**Assigned task**
Beneath this line sits some data. Return only its lines from the one holding "lock door OPEL" through the one holding "Redington Place 201", inclusive, exactly, with the images removed.

**Provided data**
=== Begin Enclosure ===

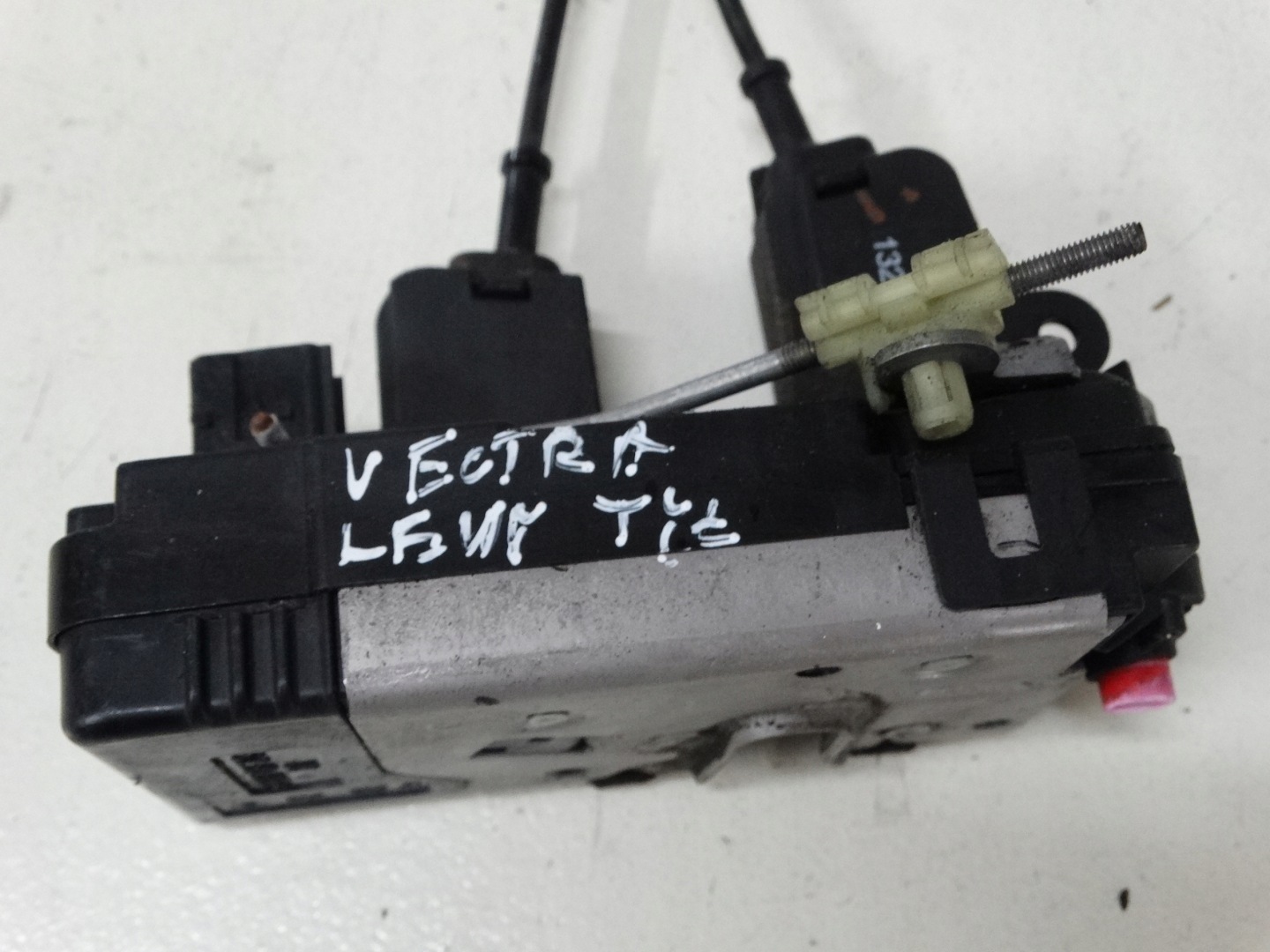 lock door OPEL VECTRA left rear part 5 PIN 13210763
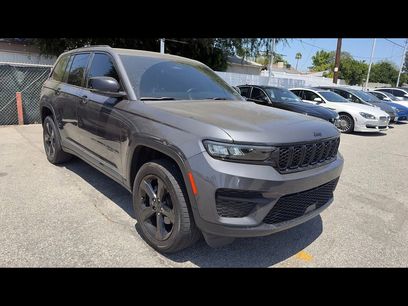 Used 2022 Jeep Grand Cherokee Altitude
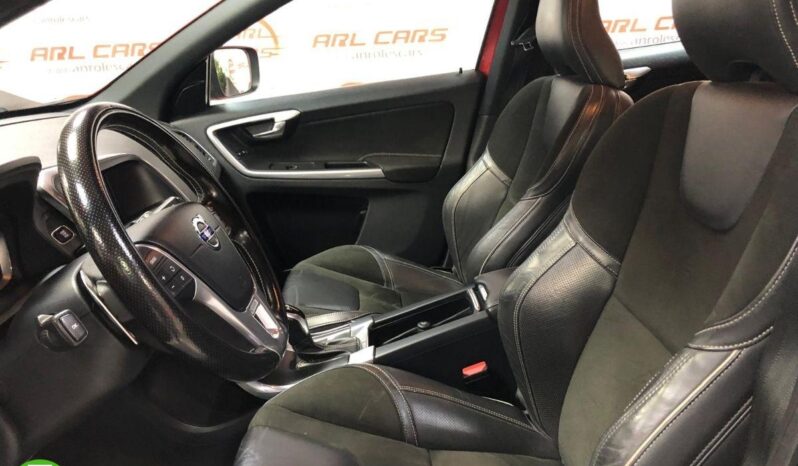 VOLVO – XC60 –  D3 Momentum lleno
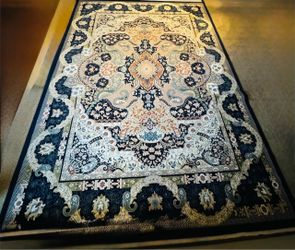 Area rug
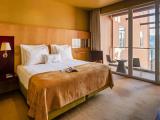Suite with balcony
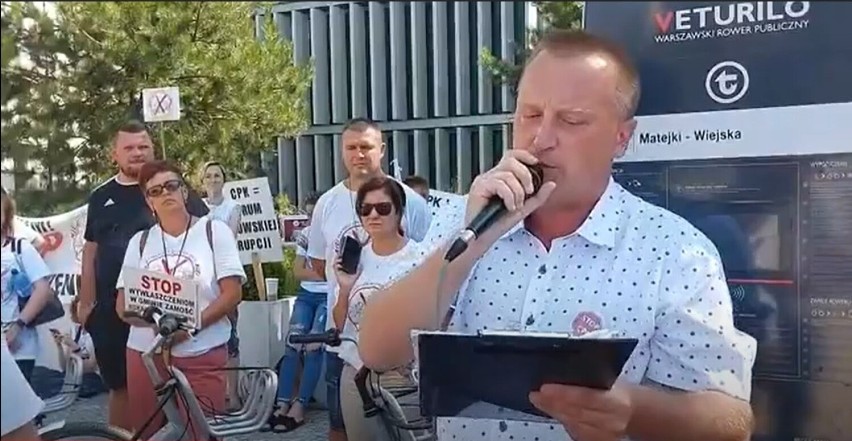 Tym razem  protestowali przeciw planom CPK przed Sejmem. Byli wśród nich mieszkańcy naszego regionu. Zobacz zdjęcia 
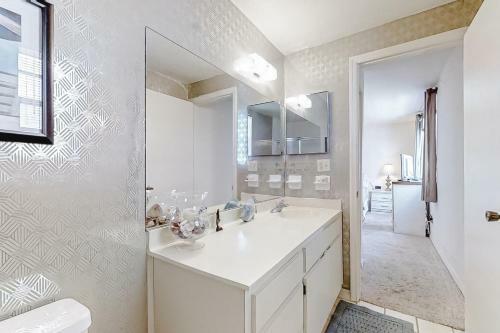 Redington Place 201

=== End Enclosure ===
=== Begin Enclosure ===

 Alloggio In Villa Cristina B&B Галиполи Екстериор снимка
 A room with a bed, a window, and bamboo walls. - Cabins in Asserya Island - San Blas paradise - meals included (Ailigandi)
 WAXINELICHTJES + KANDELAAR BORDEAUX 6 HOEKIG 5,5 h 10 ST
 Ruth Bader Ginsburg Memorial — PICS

=== End Enclosure ===
=== Begin Enclosure ===

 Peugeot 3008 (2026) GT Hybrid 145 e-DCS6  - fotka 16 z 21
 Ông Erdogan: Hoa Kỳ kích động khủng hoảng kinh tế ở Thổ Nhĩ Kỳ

=== End Enclosure ===

**Solution for this task**
 lock door OPEL VECTRA left rear part 5 PIN 13210763
 Used 2022 Jeep Grand Cherokee Altitude
 VOLVO – XC60 –  D3 Momentum lleno
 Area rug
Suite with balcony
 Tym razem  protestowali przeciw planom CPK przed Sejmem. Byli wśród nich mieszkańcy naszego regionu. Zobacz zdjęcia 
 Redington Place 201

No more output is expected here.